▶ WHAT THE EXERCISE ASKS: Your answer must be the records below, repeated exactly, with every picture left out.

▶ RECORDS TO USE:
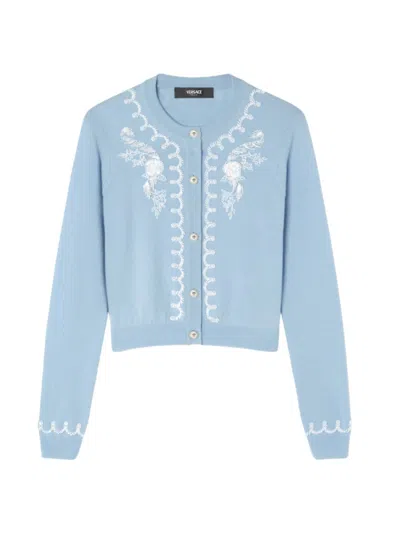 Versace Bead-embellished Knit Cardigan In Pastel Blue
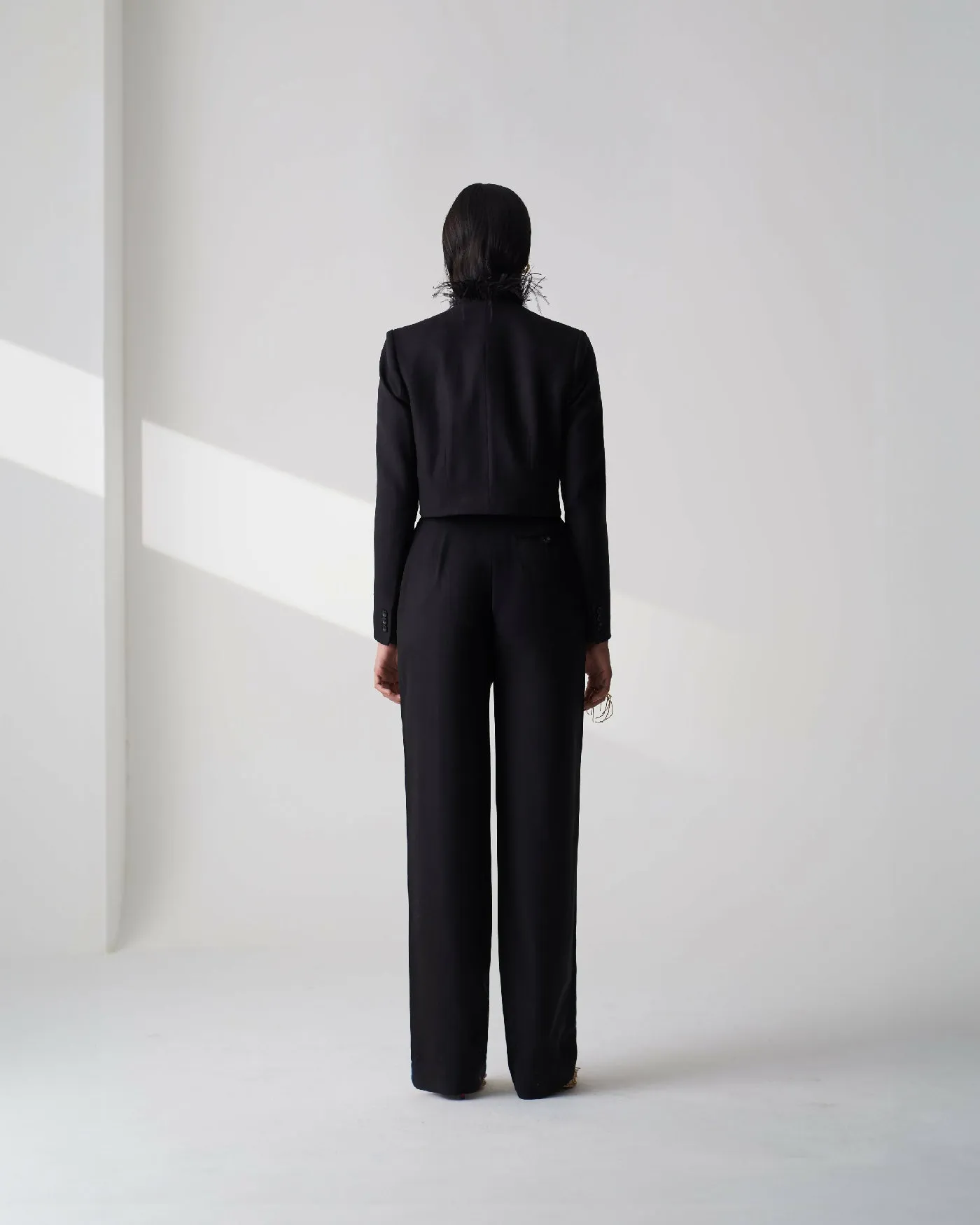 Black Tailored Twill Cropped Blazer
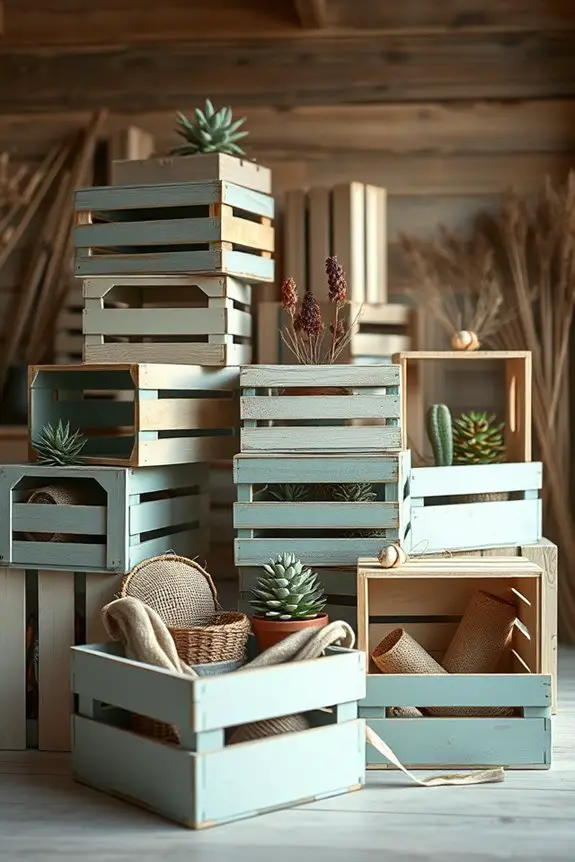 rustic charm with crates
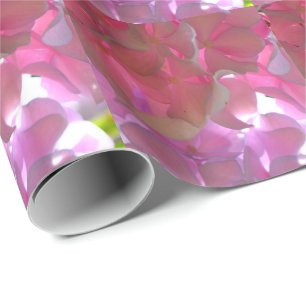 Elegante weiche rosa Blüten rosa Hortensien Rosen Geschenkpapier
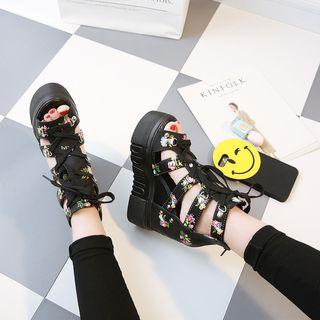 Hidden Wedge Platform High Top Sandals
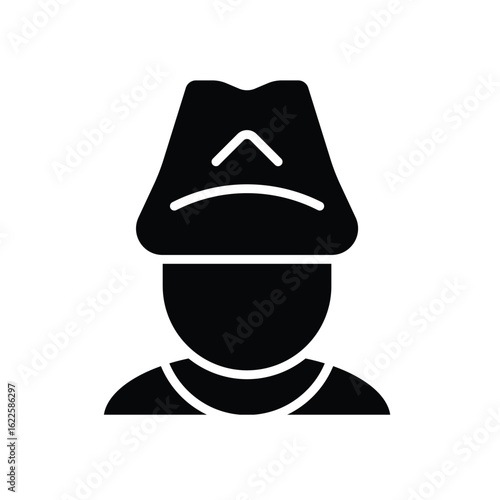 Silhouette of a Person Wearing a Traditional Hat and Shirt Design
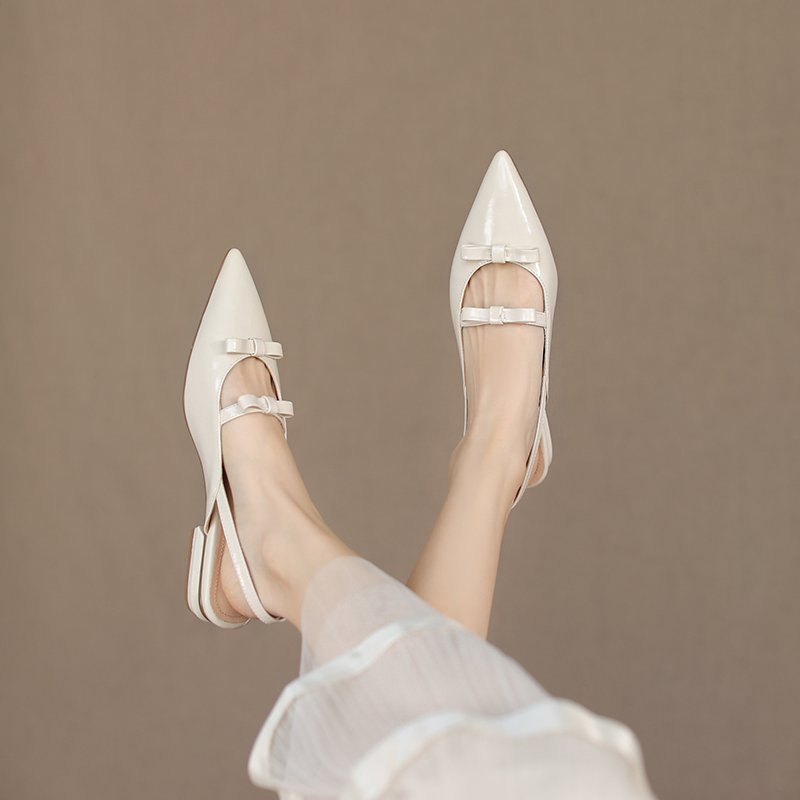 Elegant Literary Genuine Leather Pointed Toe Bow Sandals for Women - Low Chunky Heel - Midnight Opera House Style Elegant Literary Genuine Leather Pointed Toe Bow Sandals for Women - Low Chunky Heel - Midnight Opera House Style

▶ EXERCISE SOLUTION:
 Versace Bead-embellished Knit Cardigan In Pastel Blue
 Black Tailored Twill Cropped Blazer
 rustic charm with crates
 Elegante weiche rosa Blüten rosa Hortensien Rosen Geschenkpapier
 Hidden Wedge Platform High Top Sandals
 Silhouette of a Person Wearing a Traditional Hat and Shirt Design
 Elegant Literary Genuine Leather Pointed Toe Bow Sandals for Women - Low Chunky Heel - Midnight Opera House Style Elegant Literary Genuine Leather Pointed Toe Bow Sandals for Women - Low Chunky Heel - Midnight Opera House Style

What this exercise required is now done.